This repo is a step by step explanation of my procces in making the robot anki vector recognize and read out loud the number of fingers you're holding up in your hand in real time.
Anki Vector SDK - https://developer.anki.com/vector/docs/initial.html
Open CV 4.1.0 - https://pypi.org/project/opencv-python/
Numpy and Sci-kit Learn (best way is to install anaconda) - https://docs.anaconda.com/anaconda/install/
On top of the dependencies above you need to autheticate your anki vector with your computer here's how to do this on Linux, Windows , Mac
Then just clone the repository and run the hand_recognition.py with python3
Select the ROI (Region of Interest) and wait a couple seconds for vector to calibrate the background. During this proccess the background and vector need to be static
After that just put your hand on the ROI and he'll say how many fingers you have up.
First we access vector's camera and set his head angle properlly.
with anki_vector.Robot() as robot:
robot.camera.init_camera_feed()
robot.behavior.set_head_angle(degrees(25.0))
robot.behavior.set_lift_height(0.0)
while robot.camera.image_streaming_enabled():
#All code goes in here
Vector's images are in RGB, but OpenCV only displays BGR images so we have to convert it for display purposes, it's also good to flip the image that way it isn't a mirror image.
img = cv2.cvtColor(np.array(robot.camera.latest_image.raw_image),cv2.COLOR_RGB2BGR)
img = cv2.flip(img,1)
For processing we are going to convert the image to gray scale, that is because a gray scale image only has one color channel and color images have 3, with only one color channel processing will be smoother. Also to reduce noise we'll apply a gaussian blur.
gray = cv2.cvtColor(img,cv2.COLOR_RGB2GRAY)
gray = cv2.GaussianBlur(gray, (7,7), 0)
The method I used to recognize the hand was background subtraction + thresholding. In a nutshell we are going to identify the background by running the program for 40 frames, then we'll subtract the background from every frame after the first 40. On top of that we'll apply a binary threshold on every pixel of the result, leaving us with a black and white image of the hand. Finally we have to extract the contour of the threholded image.

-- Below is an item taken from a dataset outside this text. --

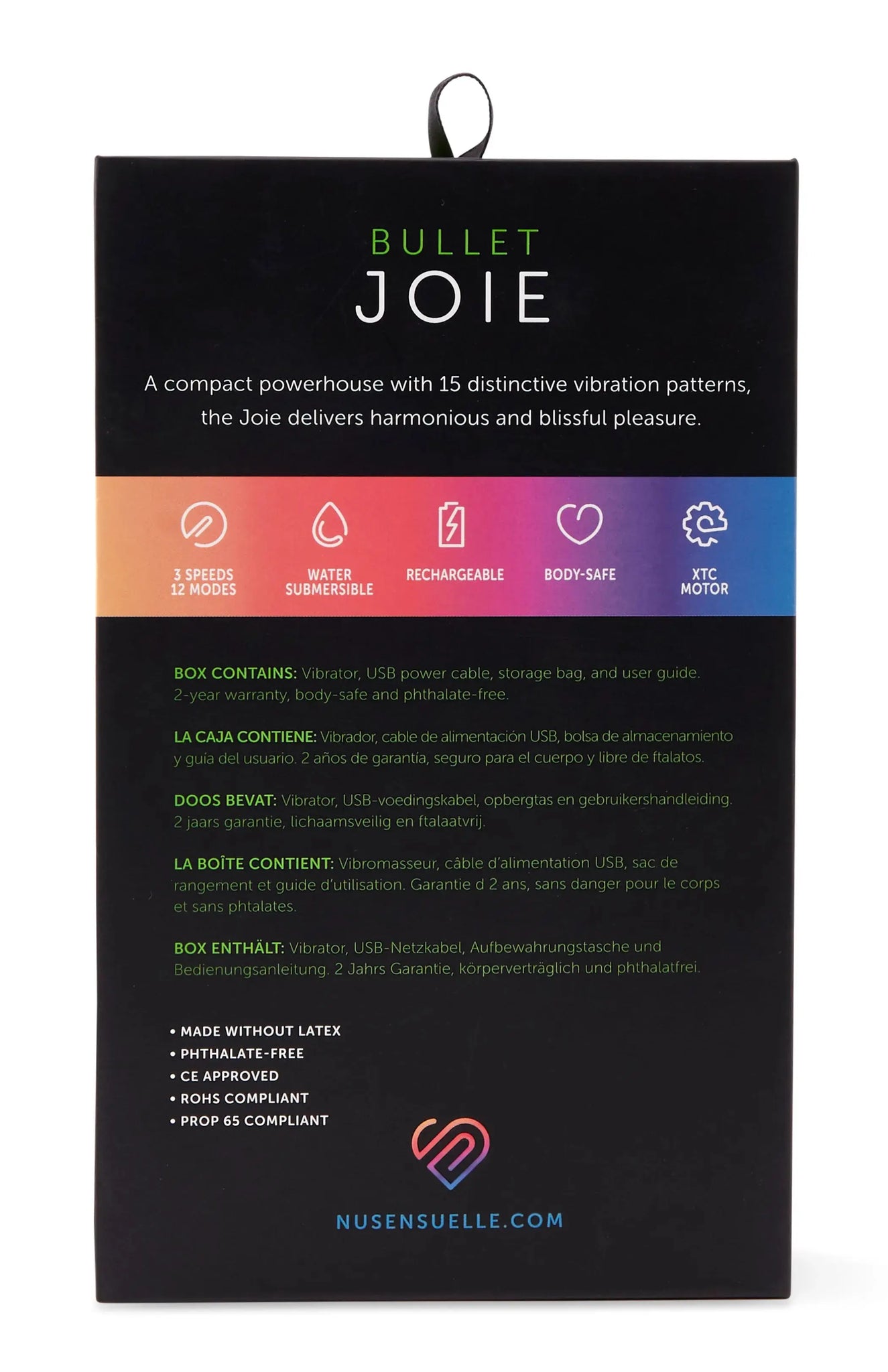 Sensuelle Joie Black Nu Sensuelle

Click here to read more about this method
This video is also excellent
We can get the average value of the background in the following way:
def get_background(img):
global background
if background is None:
background = img.copy().astype('float32')
return
cv2.accumulateWeighted(img.astype(background.dtype), background, 0.5)

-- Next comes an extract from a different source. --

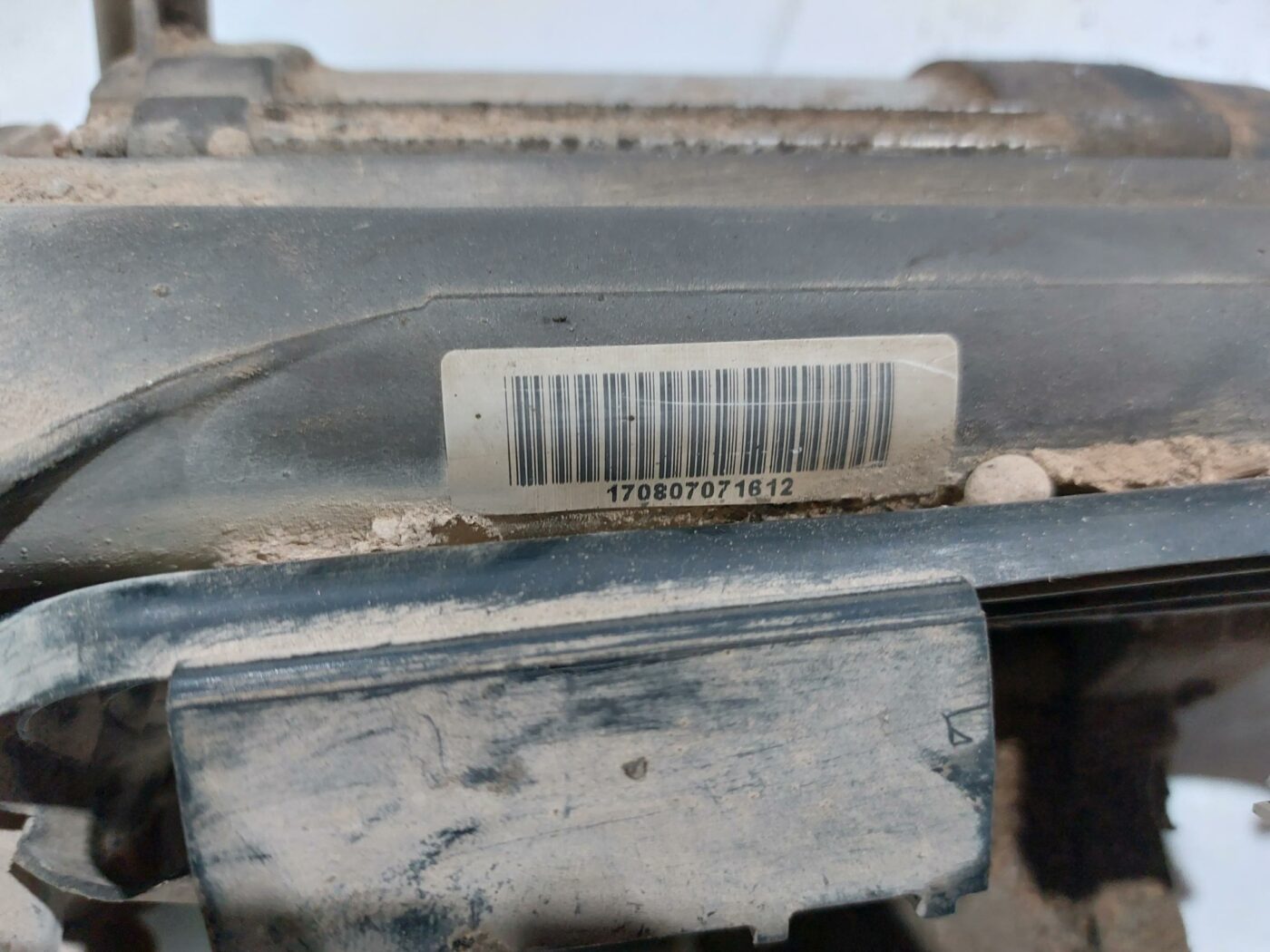 Stūres mehānisms priekš VW JETTA 2008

Let's also run this function on a specific ROI (Region of Interest) that way we don't waste processing power on the entire image
if num_frames < 40:
if num_frames == 0:
x1,y1,x2,y2 = cv2.selectROI('ROI selector', img, False)

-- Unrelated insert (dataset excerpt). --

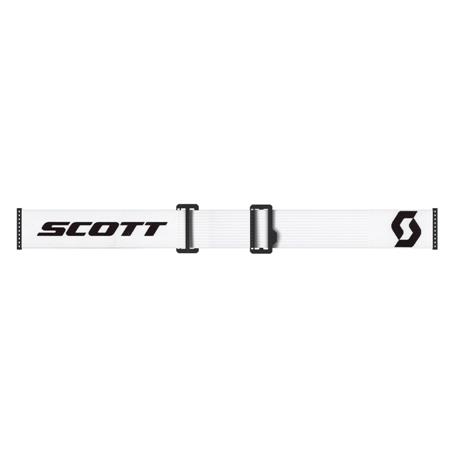 SMUČARSKA OČALA SCOTT REACT belo/črne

cv2.destroyWindow('ROI selector')
print('Calibrating Background...\nDo not move the camera')
gray = gray[int(y1):int(y1+y2), int(x1):int(x1+x2)]
get_background(gray)
num_frames += 1
continue
Now we can just peform the subtraction using the function below. The function also find the largest countour of the threholded image, which we will assume to be the hand.
def background_sub(img):
diff = cv2.absdiff(img.astype(background.dtype), background)
mask = cv2.threshold(diff, 25, 255, cv2.THRESH_BINARY)[1]
contours = cv2.findContours(mask.astype('uint8'),cv2.RETR_EXTERNAL,cv2.CHAIN_APPROX_SIMPLE)[0]
if len(contours) > 0:
hand_contour = max(contours,key=cv2.contourArea)
return mask, hand_contour
return mask, None
In order to count how many fingers in a hand I used the algorithm described in this paper and also in this tutorial. Here's how it works:
1)Get the extreme points of the contour (top, bottom, left, right).
2)Find the center of the hand using those extreme points.
3)Draw a circle with the radius 70% of the distance between the center and the farthest extreme point.
4)Find the contour of the overlaping parts of the circle and the hand.
5)Count the remaining parts of the circle excluding the bottom which is should be the wrist.
The following function will do steps 1 - 4 of the algorithm:
def get_finger_contours(hand_contour):
global img
cv2.drawContours(img,[hand_contour+(x1,y1)],-1,(0,0,255))
chull = cv2.convexHull(hand_contour)
extreme_top = tuple(chull[chull[:, :, 1].argmin()][0])
extreme_bottom = tuple(chull[chull[:, :, 1].argmax()][0])
extreme_left = tuple(chull[chull[:, :, 0].argmin()][0])
extreme_right = tuple(chull[chull[:, :, 0].argmax()][0])
x_bar = int((extreme_left[0] + extreme_right[0]) / 2)
y_bar = int((extreme_top[1] + extreme_bottom[1]) / 2)
distance = pairwise.euclidean_distances(X=[(x_bar, y_bar)], Y=[extreme_left, extreme_right, extreme_top, extreme_bottom])[0]
max_distance = distance[distance.argmax()]
radius = int(0.7 * max_distance)
circumference = 2 * np.pi * radius
circular_roi = np.zeros(mask.shape,dtype='uint8')
cv2.circle(circular_roi,(x_bar,y_bar),radius,(255,255,255))
circular_roi = cv2.bitwise_and(mask,mask,mask=circular_roi)
cv2.imshow('circ',circular_roi)
return cv2.findContours(circular_roi.astype('uint8'), cv2.RETR_EXTERNAL, cv2.CHAIN_APPROX_NONE)[0], y_bar, circumference
Finally this code will count the amout of contours and make vector read it out loud:
count = 0
for c in finger_contours:
(x, y, w, h) = cv2.boundingRect(c)
if ((y_bar + (y_bar * 0.25)) > (y + h)) and ((circumference * 0.25) > c.shape[0]):
count += 1
if previous_count == count and count < 6:
count_accumulator += 1
#Have vector read out the number only if it sees the number for 30 consecutive frames
if count_accumulator == 30:
print(count)
robot.behavior.say_text(str(count))
count_accumulator = 0
else:
previous_count = count